» DATA BLOCK:
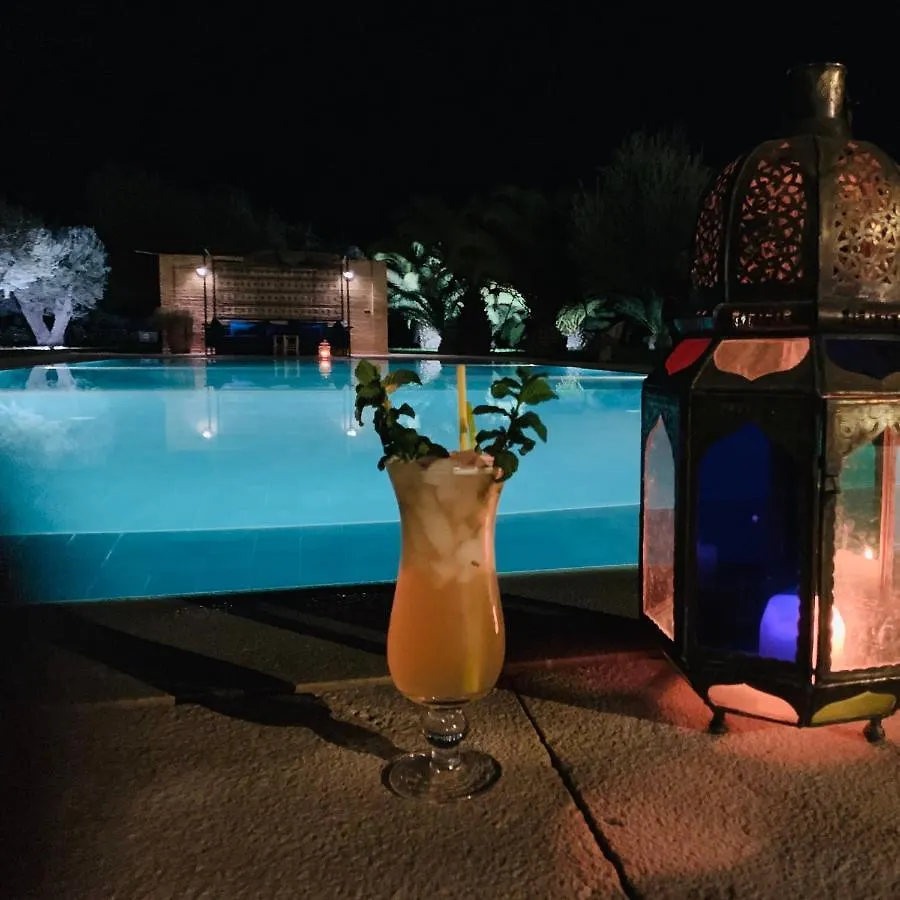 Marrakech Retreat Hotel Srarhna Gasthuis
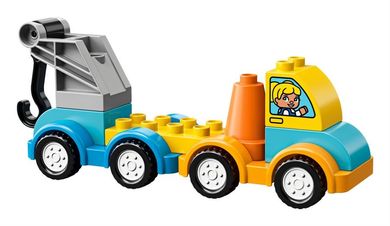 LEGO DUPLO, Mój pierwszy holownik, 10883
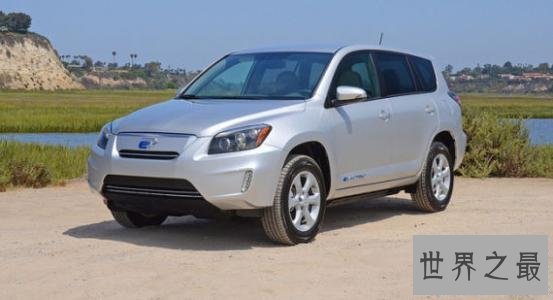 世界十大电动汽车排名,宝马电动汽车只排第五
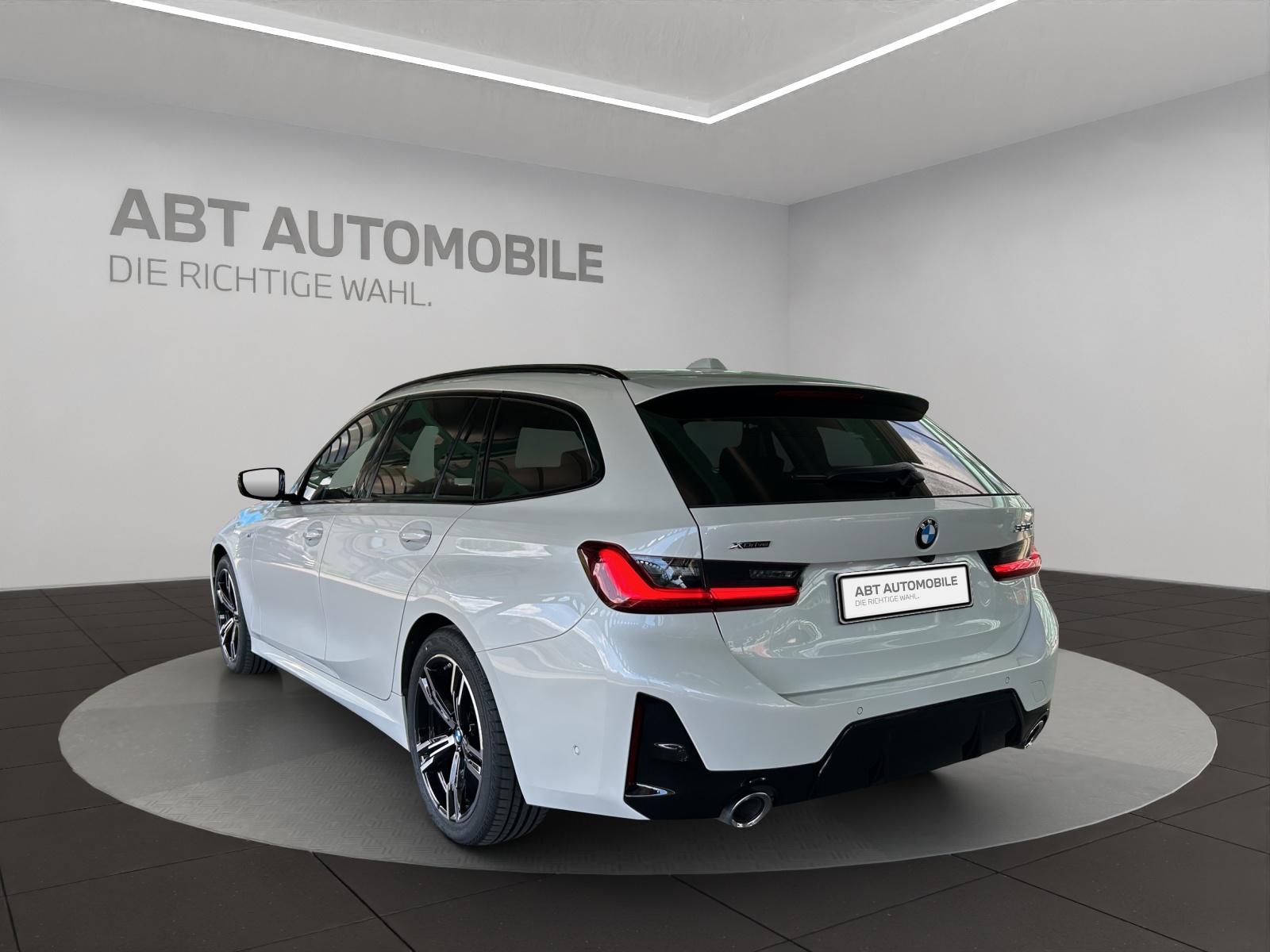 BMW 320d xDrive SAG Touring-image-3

» TO DO: Copy out the whole listing word for word, except for any picture it includes.

» OUTPUT OF THE TASK:
 Marrakech Retreat Hotel Srarhna Gasthuis
 LEGO DUPLO, Mój pierwszy holownik, 10883
 世界十大电动汽车排名,宝马电动汽车只排第五
 BMW 320d xDrive SAG Touring-image-3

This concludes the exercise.